The Golden Roses with Sterling Drake at Mercury Lounge
Combining Lone Star tradition, respectful originality and road-tested western swing, the Golden Roses’ second studio album, “Devil’s In The Details,” chronicles the trials and tribulations of life experiences on and off the road paired with seamless harmonies and sharp, nostalgic songwriting. Recorded at yellow DOG Studios in Wimberley, TX, the album was produced by Grammy Award winner Adam Odor and features twelve original tracks penned by front man John Mutchler. The Golden Roses, which features Mutchler (vocals, guitar); Heather Rae Johnson (fiddle, backing vocals); Troy Wilson (bass, backing vocals) and Shawnee Rose (drums), also enlisted help from Mike and the Moonpies’ Mike Harmeier (harmonies) and Zachary Moulton (pedal steel). “Not only are we all inspired by the Texas dancehall classics — Johnny Bush, Ray Price and people like that — but also by Jerry Jeff Walker, Doug Sahm and all those guys who kept the tradition but did whatever the hell they wanted with it,” Mutchler explains. “If anybody asks what the Golden Roses are about, it’s me playing music with some of my closest friends. And when people ask me what we play, I tell them that we play Texas country music. There’s this great line in Jan Reid’s book The Improbable Rise of Redneck Rock that says ‘Texas country music is just a little more ornery and kinda off to the side.’ I read that and thought, ‘Shit man, that’s us. That’s the Golden Roses” a little bit ornery and off to the side.”

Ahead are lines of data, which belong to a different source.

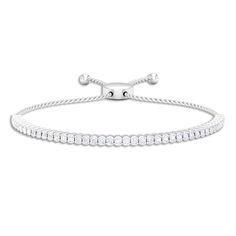 Détails du produit
Fabriqué en or massif, ce superbe bracelet Bolo est orné de petites pierres rondes en zircone cubique maintenues dans des sertissages demi-lunettes. Le fermoir sécurisé Bracelet Catch garantit qu'il reste en place sur votre poignet. Une pièce de joaillerie fabuleuse et impressionnante.

Informations sur le produit

SKU
SHP-BRACELET032211429


Largeur
2,7 mm


Poids
11,50 g



INFORMATIONS SUR LE ZIRCON

Nombre de pierres
42 pièces


Poids total
2,52 carats


Dimension (environ)
Rond-2X2 mm-42 Pièces


Couleur
Blanc


Couper
Taille brillant


Forme
Rond


Type de paramètre
Réglage demi-lunette


Niveau de qualité
AAA



Voir plus White Jubilee Bracelet With Cubic Zirconia, White Jubilee Bracelet Jewelry With Cubic Zirconia, White Cubic Zirconia Jubilee Bracelet, Diamond White Cubic Zirconia Tennis Bracelet With Bezel Setting, Dazzling White Diamond Bracelet For Anniversary, White Cubic Zirconia Anniversary Bracelets, White Cubic Zirconia Bracelet For Anniversary, White Cubic Zirconia Anniversary Bracelet, Dazzling Adjustable White Gold Tennis Bracelet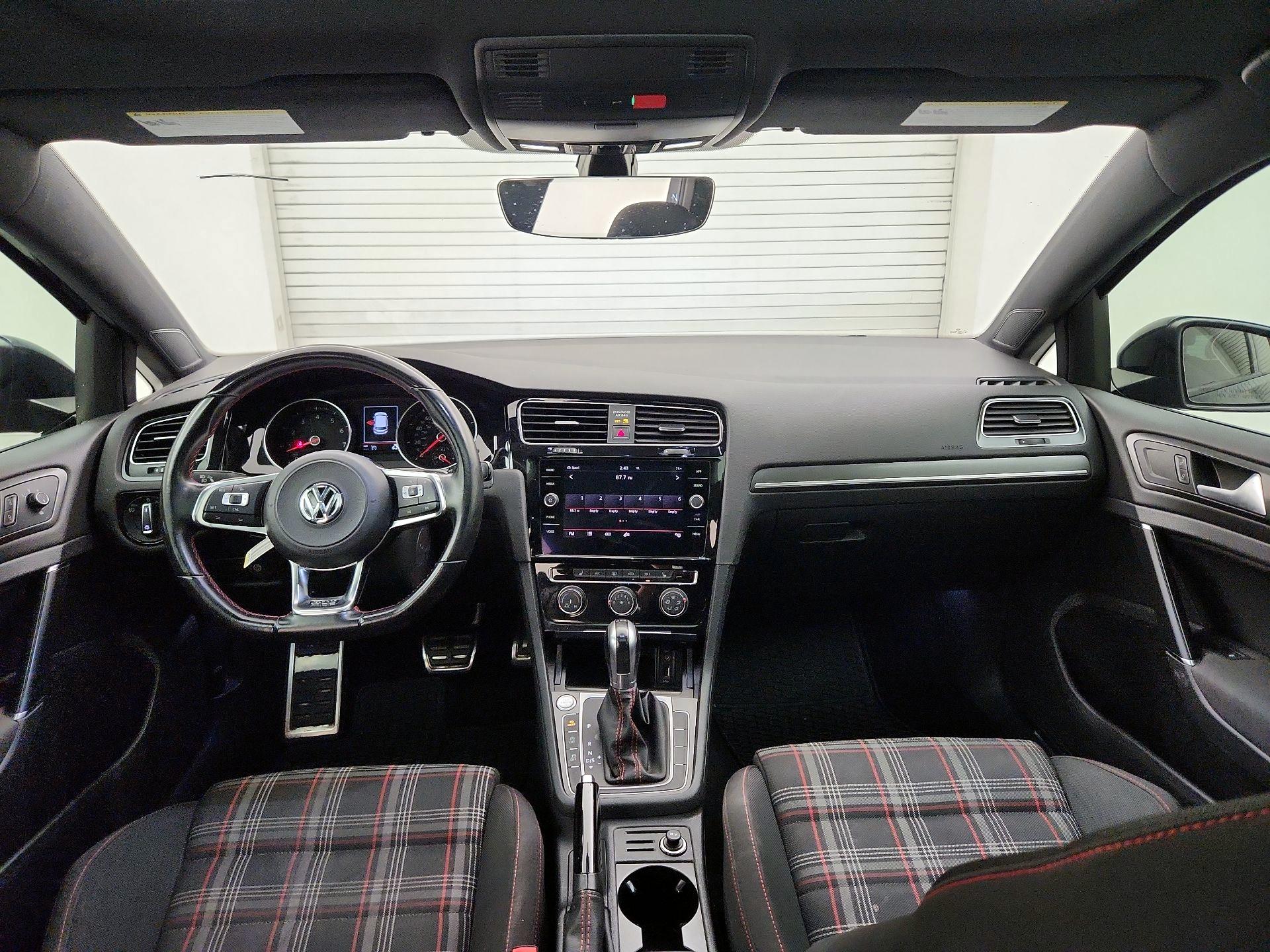 Thumbnail: 2018 Volkswagen Golf - 9
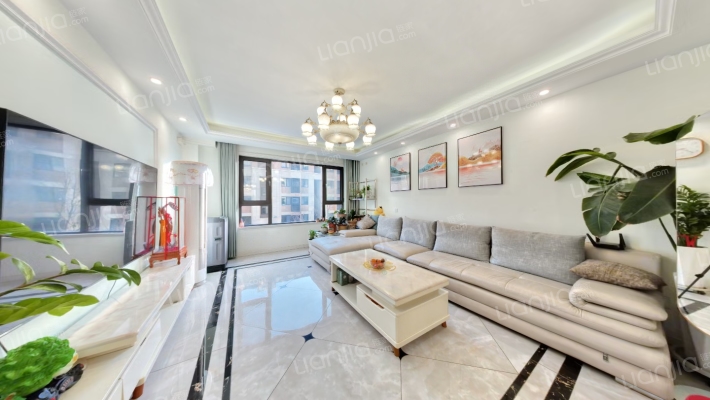 中海蓝庭二手房实景图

Every note that came out of those sessions is a gembrimming with honky tonk, bluegrass and rock and roll sensibilities. Lyrical heartbreak and humor. It’s not easy to assemble these pieces and bring them to life with a jolt of irresistible rhythm. But that’s just what the Golden Roses does throughout Devil’s in the Details. And there’s a story behind every song. A fan requested that Mutchler write a song with the title “San Antonio By Sundown,” so he did during a drive back to Austin, specifically as an answer to “Amarillo By Morning.” His relationship with his California-born partner inspired the Waylon-tinged “Boy From The East, Gal From The West.” When someone ripped off his favorite hat during a gig, Mutchler channeled his anger into “Song About My Cowboy Hat,” a hilarious account of the crime with a dead-serious warning at the end directed toward the culprit. The music takes us from Bakersfield, CA to any tear-stained bar, from a prison cell to candid, sometimes painful self-reflection. And all of it pulls you out onto the dance floor.